Would you write out the lines below exactly, from the one containing "neiima22 snapchat image archive image" to the very last, but without the pictures?

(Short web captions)
---

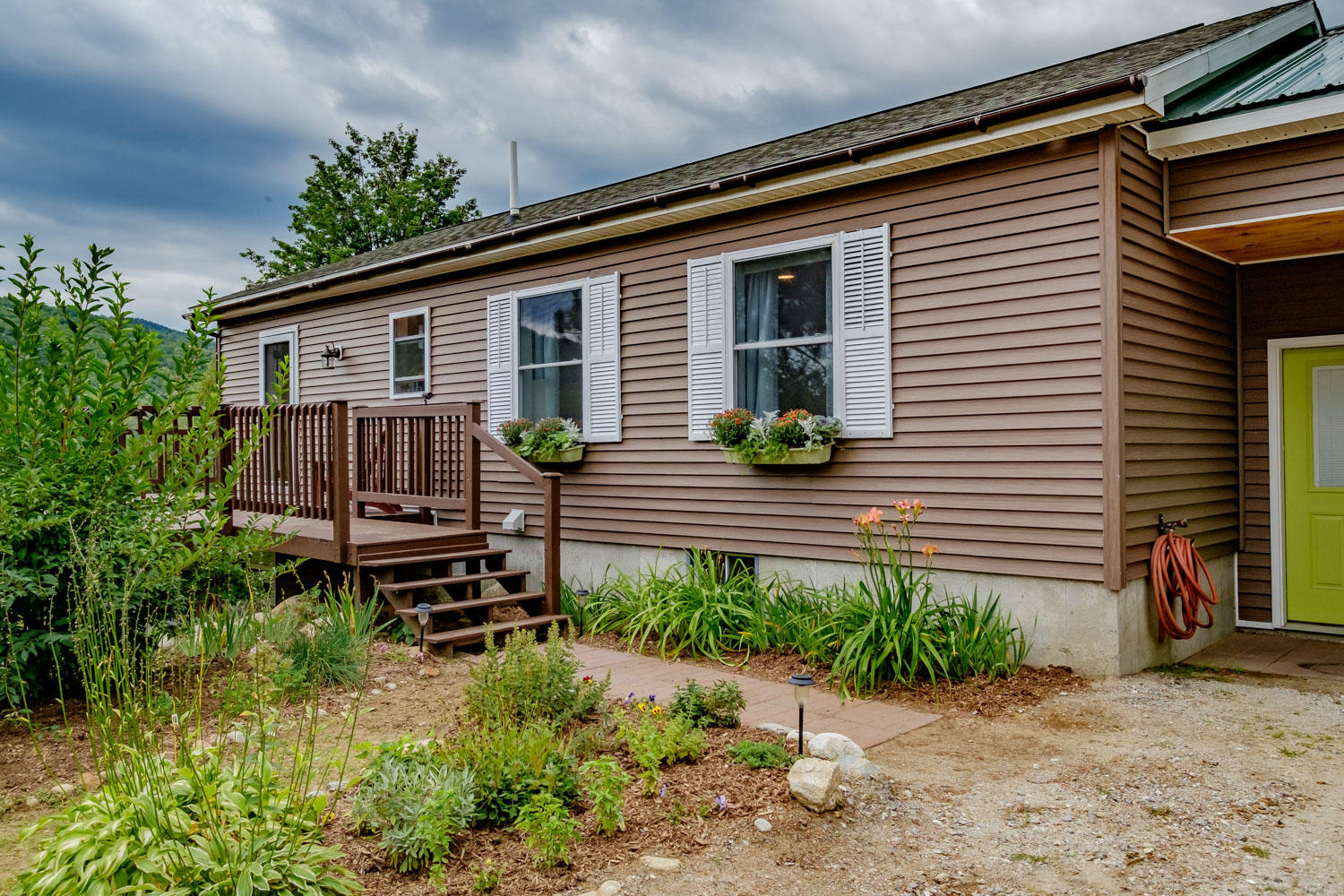 50 Bog Road Gilead, ME 04217 - Photo 9 of 79 20190830gp-61010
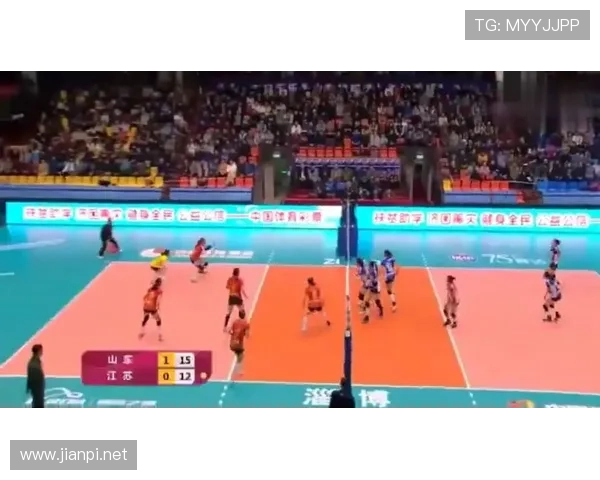 体育联赛的价值（体育赛事价值）sports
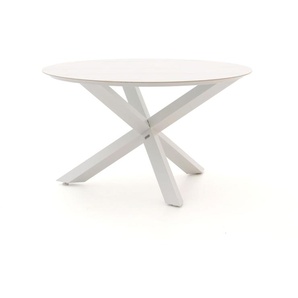 Bellagio Lodola Gartentisch ø 130cm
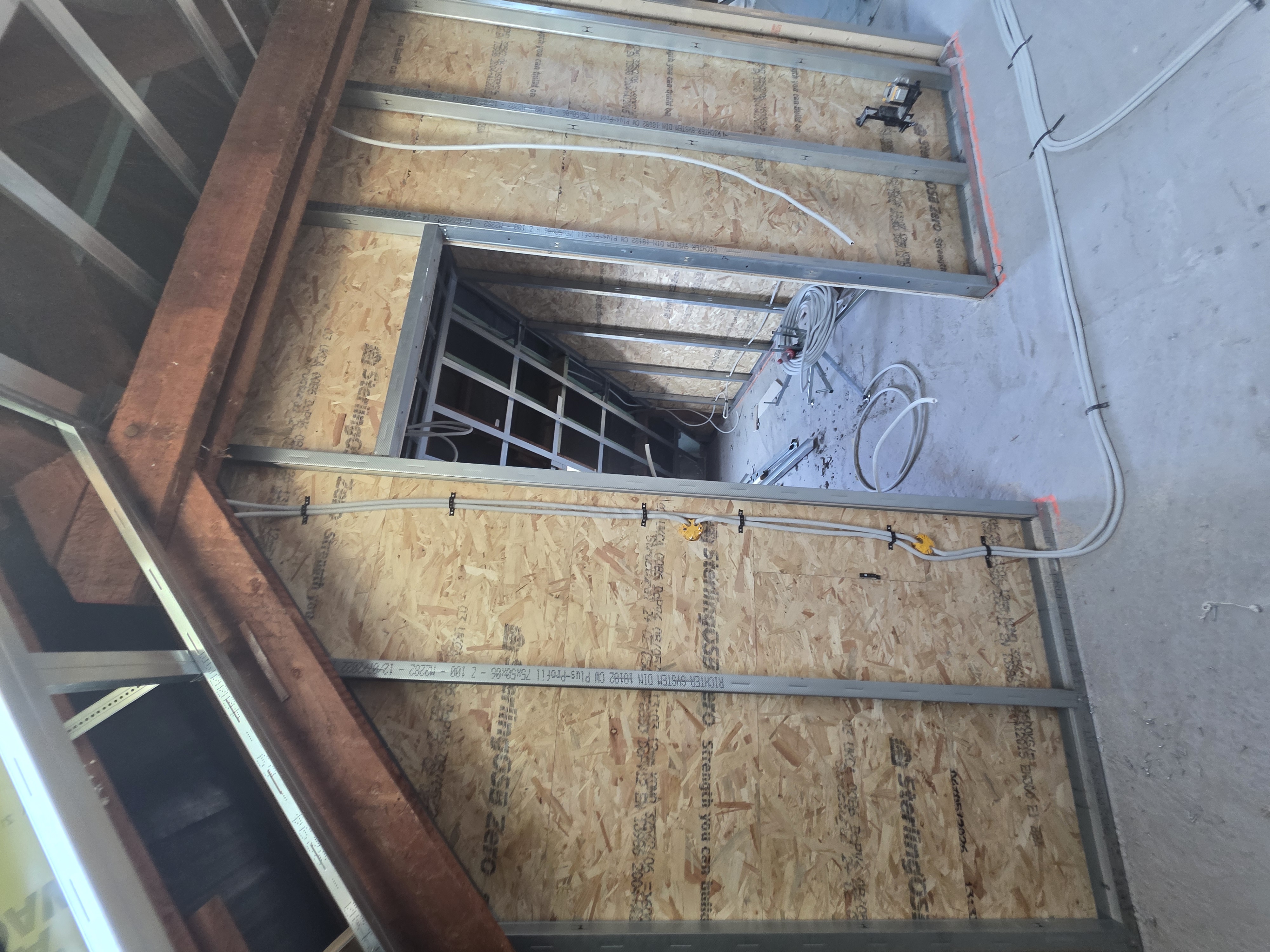 Chantier Zottegem 8 - Photo 6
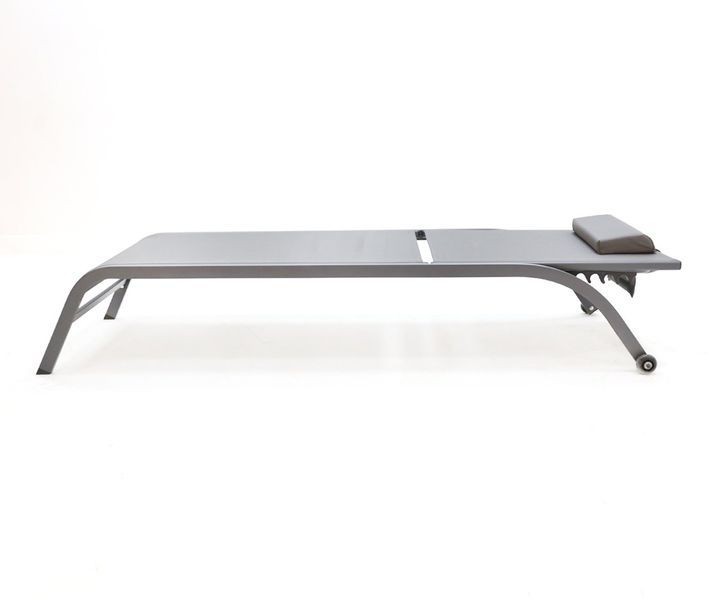 laboratory-my-home-shezlongi-photo-2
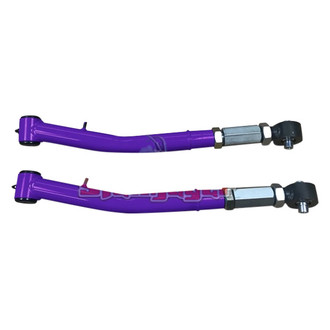 Steinjager® - Front Lower Double Adjustable Control Arms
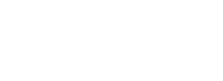 Le logo officiel du groupe Sinotruk en blanc avec une base transparente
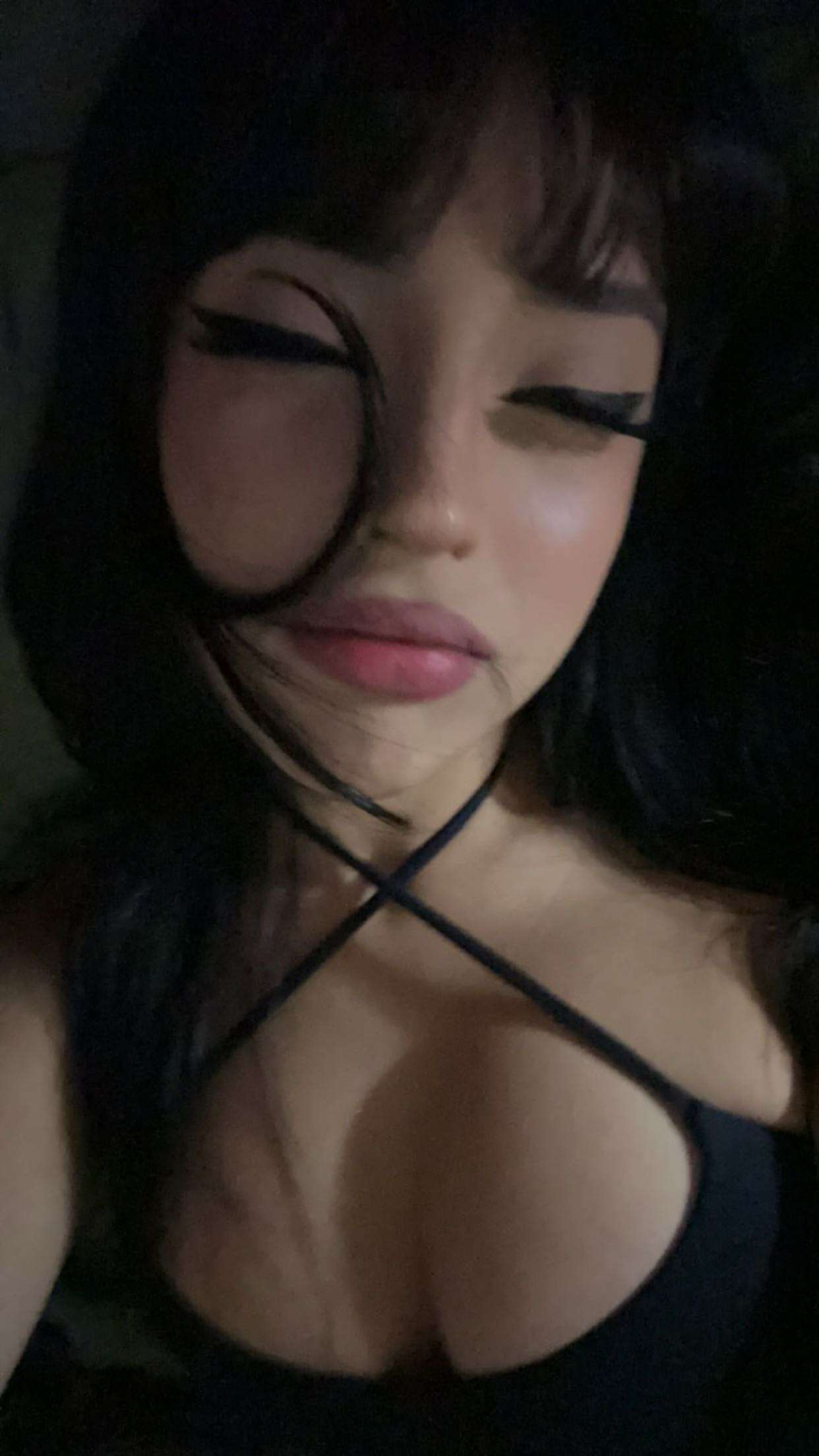 neiima22 snapchat image archive image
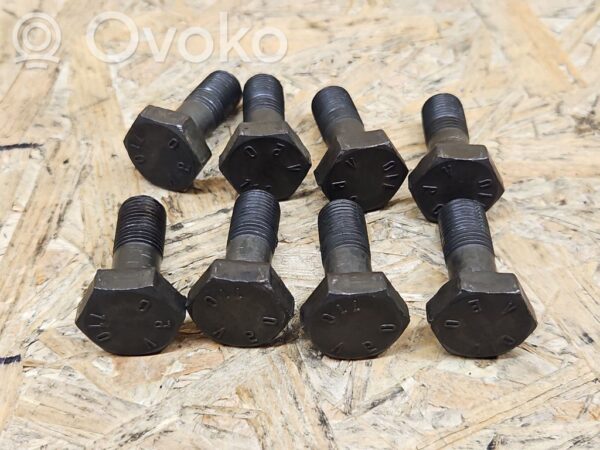 rrr-part-2124-7af8d511be051054e0425e79a9d2f402 Jeep Grand Cherokee Flywheel bolts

---

Answer space =>
 neiima22 snapchat image archive image
 rrr-part-2124-7af8d511be051054e0425e79a9d2f402 Jeep Grand Cherokee Flywheel bolts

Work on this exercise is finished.